Pictures with short captions:
──────────────────────────────

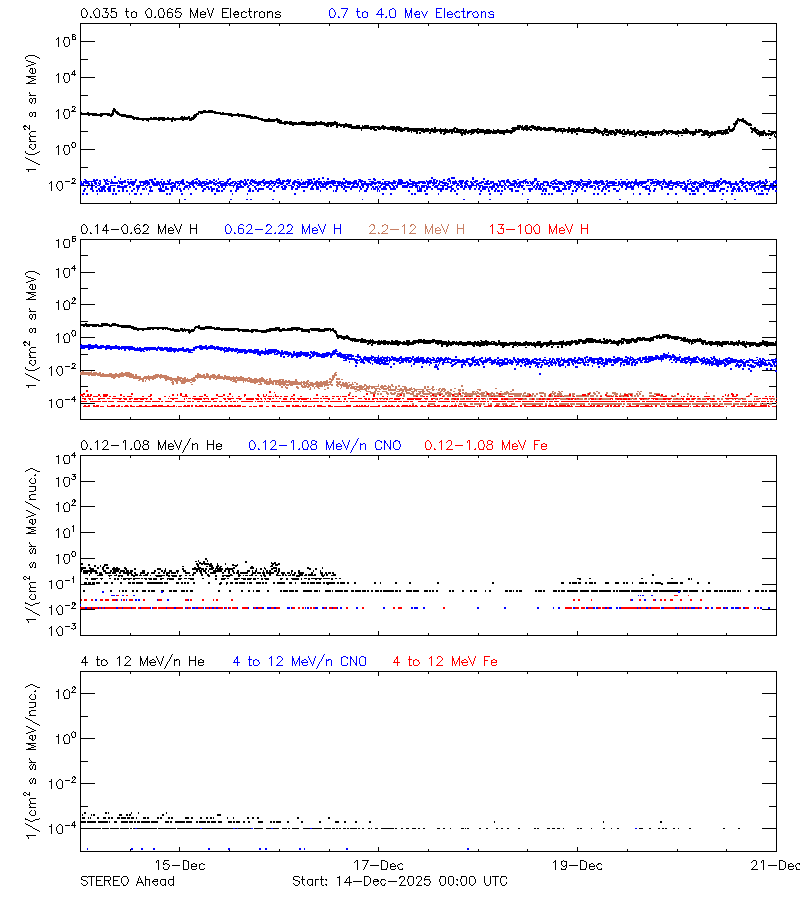 solar energetic particles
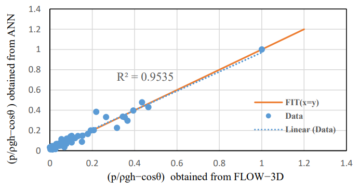 Figure 6. Correlation coefficient of the Neural Network simulation and ...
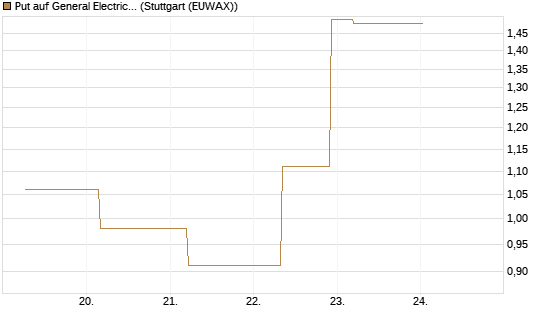 Put auf General Electric Aerospace [J.P. Morgan Structured Products B.V.] Chart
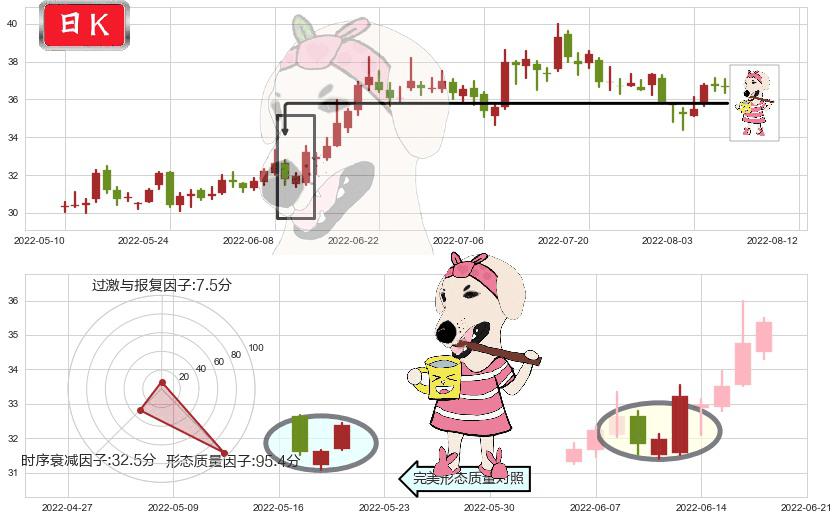 东阿阿胶(sz000423)早晨之星（黎明之星）K线图-阿布量化
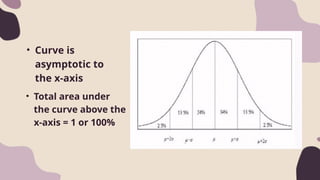 • Curve is
asymptotic to
the x-axis
• Total area under
the curve above the
x-axis = 1 or 100%
 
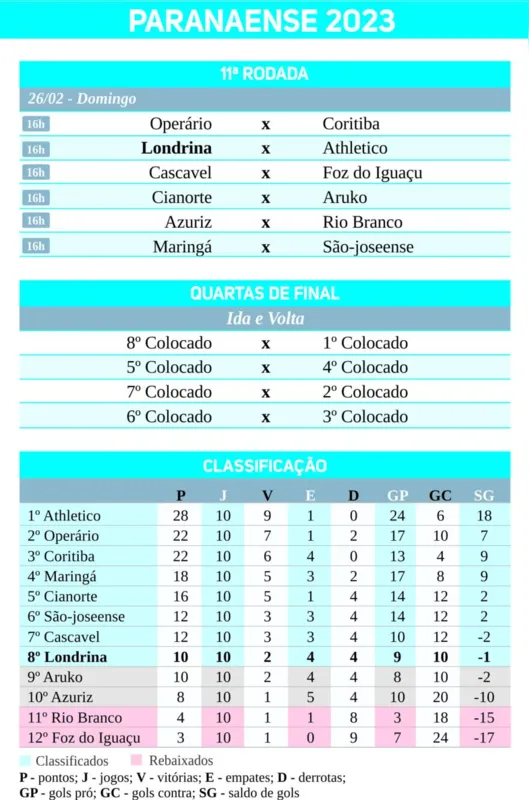 Imagem ilustrativa da imagem Para estancar a crise, LEC quer 'ressuscitar' diante do Athletico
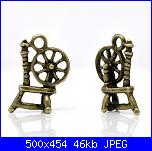 Il Mercatino di Melodhy 2013-%24t2ec16hhjguffh1biiu0brb7rwsbn-%7E%7E60_12-jpg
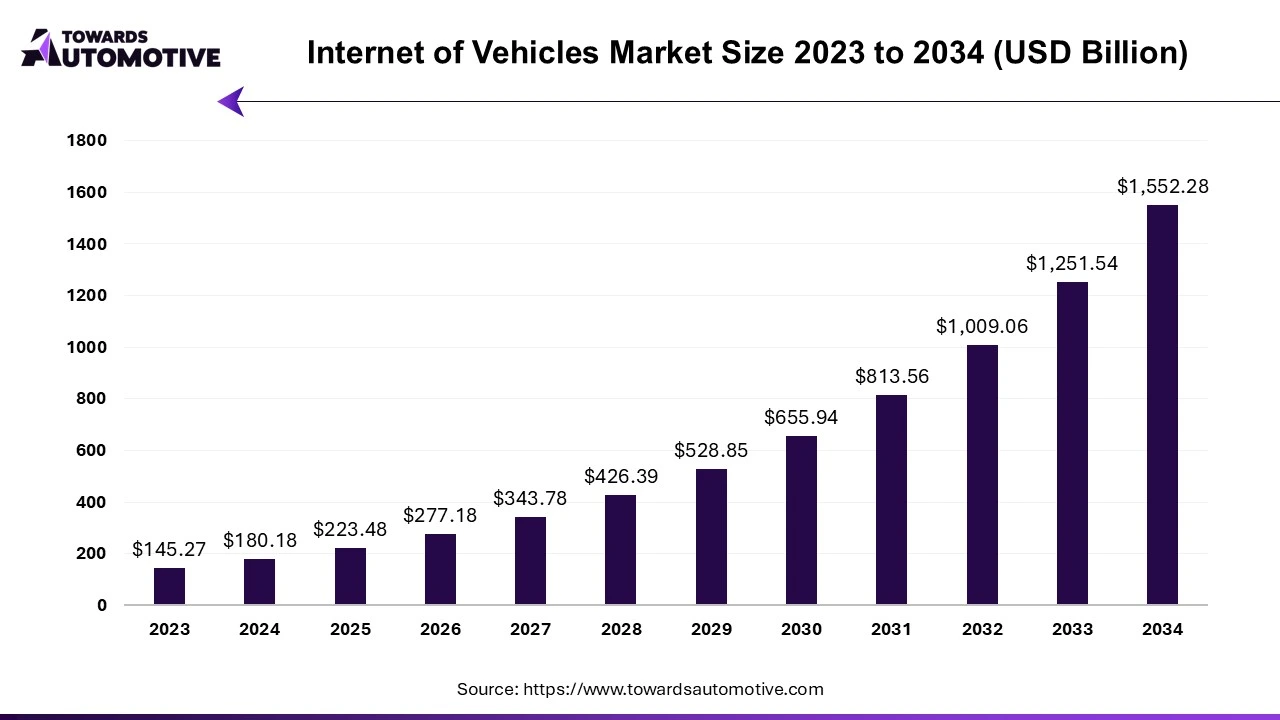 Internet of Vehicles Market Size 2023 - 2034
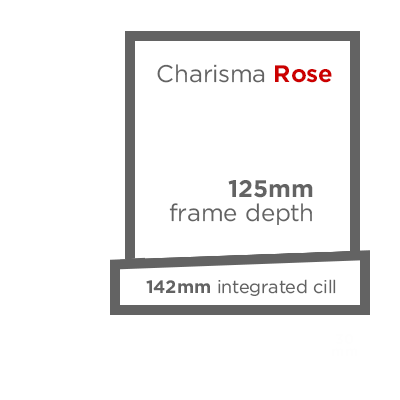 Charisma Flush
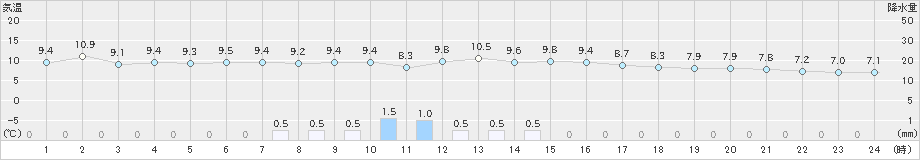 長万部(>2023年04月07日)のアメダスグラフ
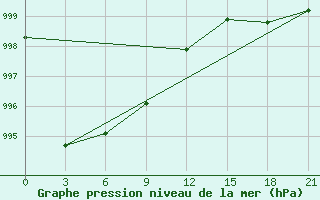 Courbe de la pression atmosphrique pour Turku Artukainen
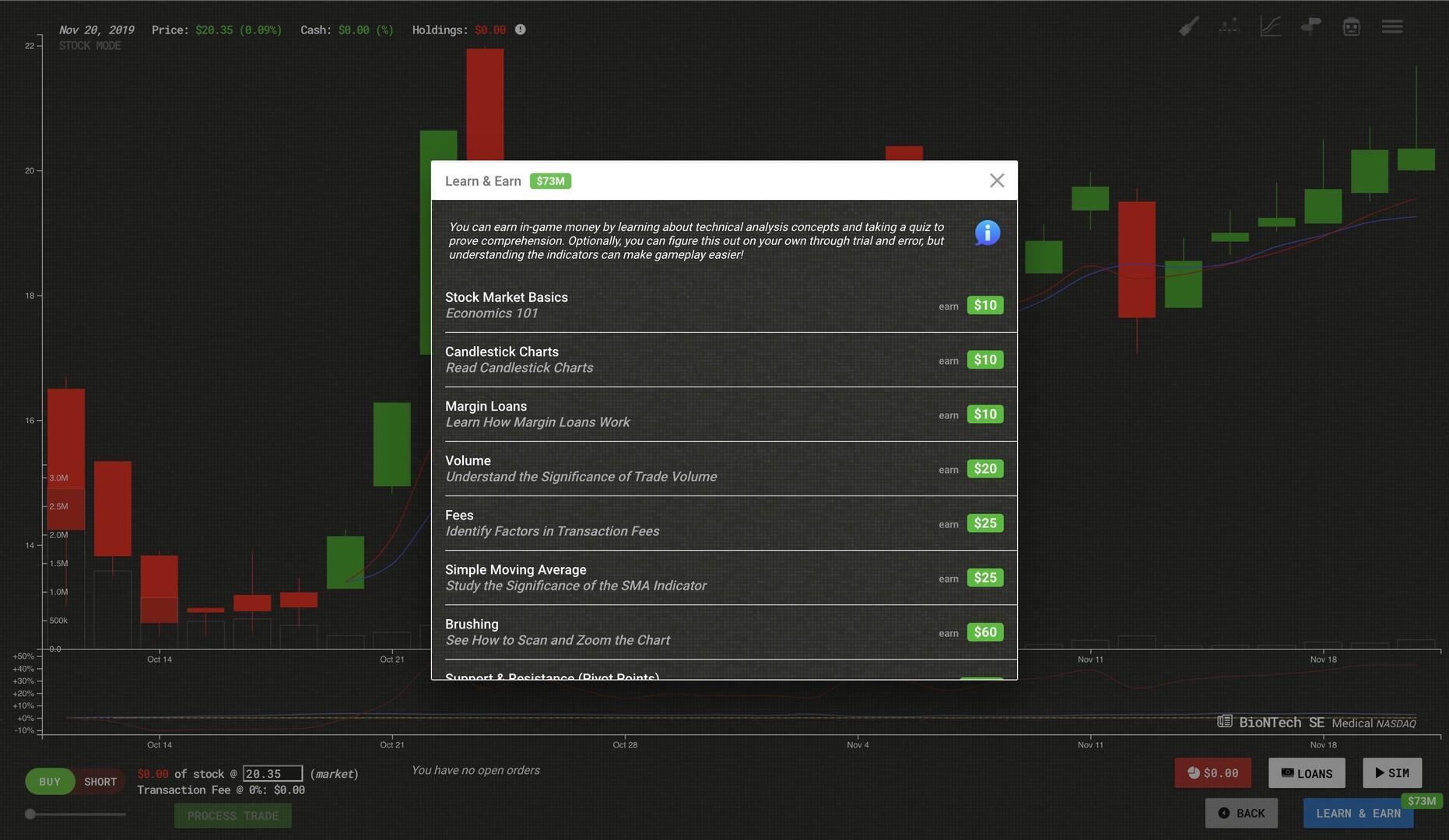 Trade Bots: A Technical Analysis Simulation ستيم كود رقمي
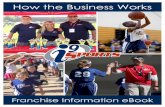Table of Contents - i9 Sports Franchise
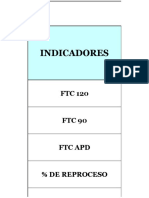 Pizarron Calidad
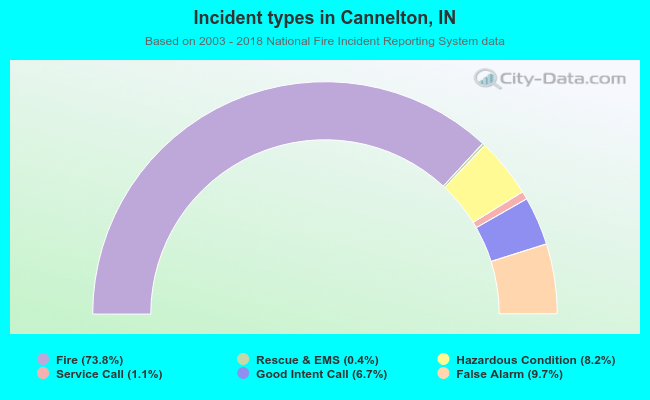 Incident types in Cannelton, IN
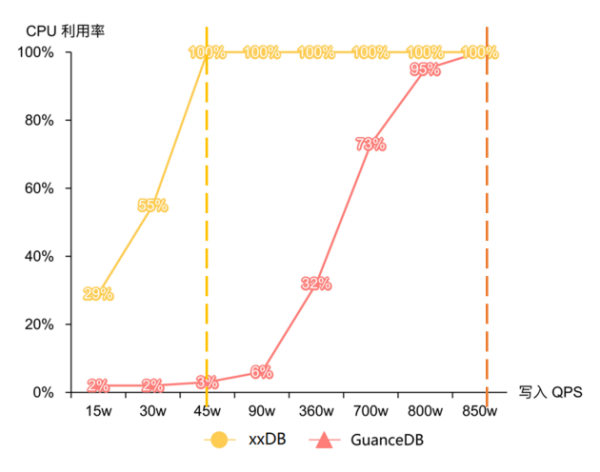 吃下 GuanceDB 狗糧后，觀測云查詢性能提升超 30 倍！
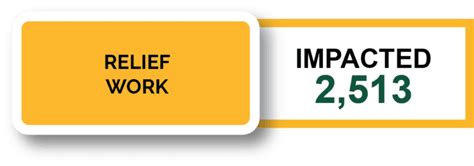 YouthNet: Empowering Youth and Communities Since 2006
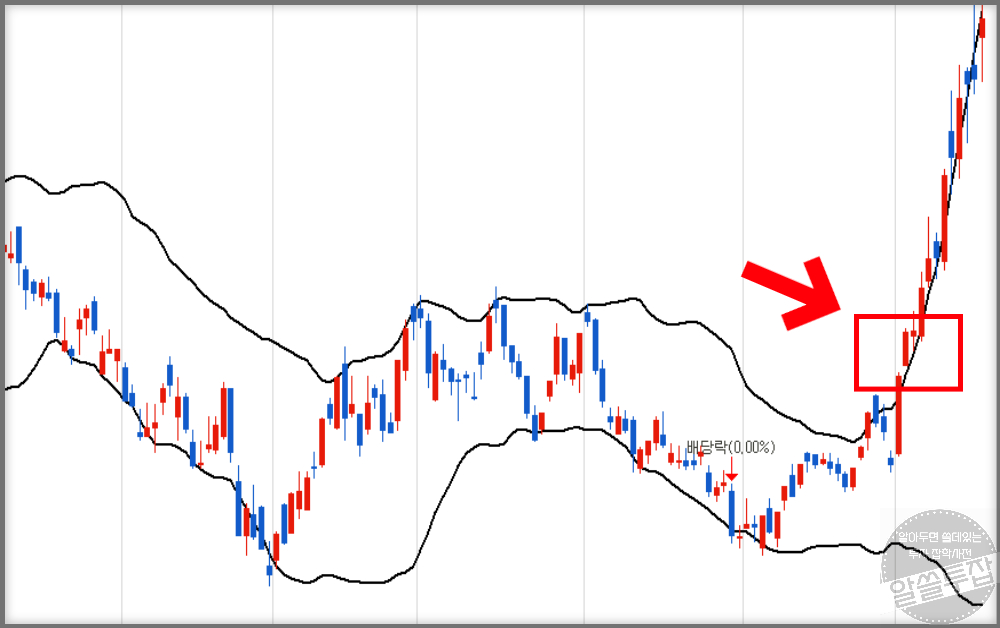 밴드 상단 돌파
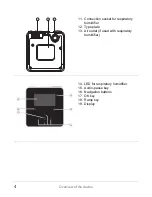 Предварительный просмотр 7 страницы JFRMEDICAL Cube 30 ATV User Manual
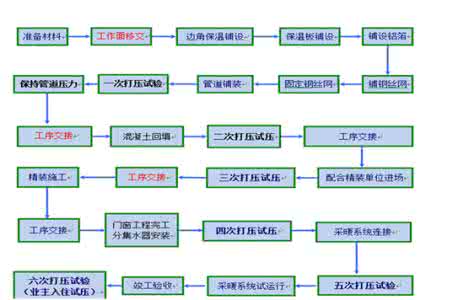 家装装修施工流程 家装采暖装修施工流程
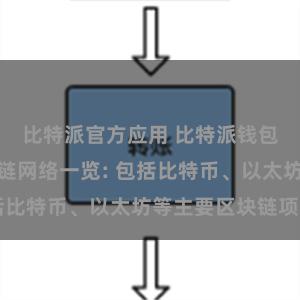 比特派官方应用 比特派钱包支持的区块链网络一览: 包括比特币、以太坊等主要区块链项目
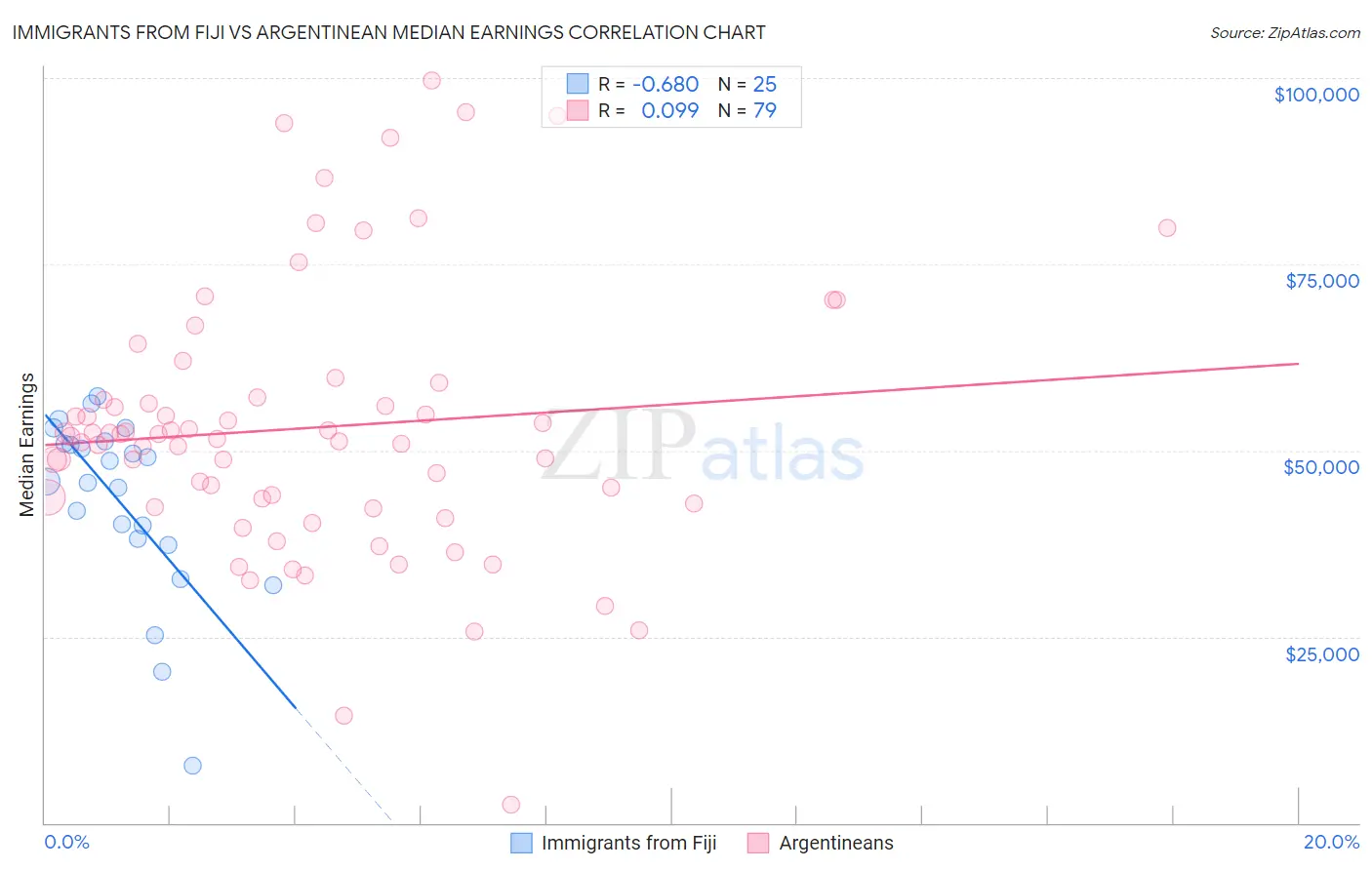 Immigrants from Fiji vs Argentinean Median Earnings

──────────────────────────────

WORK REQUIRED — After locating the line containing "the curve above the" in the entries above, return it and every line after it exactly, ending at the line containing "Courbe de la", without pictures.

RESPONSE BELOW —
the curve above the
x-axis = 1 or 100%
 
 Imagem ilustrativa da imagem Para estancar a crise, LEC quer 'ressuscitar' diante do Athletico
 Il Mercatino di Melodhy 2013-%24t2ec16hhjguffh1biiu0brb7rwsbn-%7E%7E60_12-jpg
 Internet of Vehicles Market Size 2023 - 2034
 Charisma Flush
 長万部(>2023年04月07日)のアメダスグラフ
 Courbe de la pression atmosphrique pour Turku Artukainen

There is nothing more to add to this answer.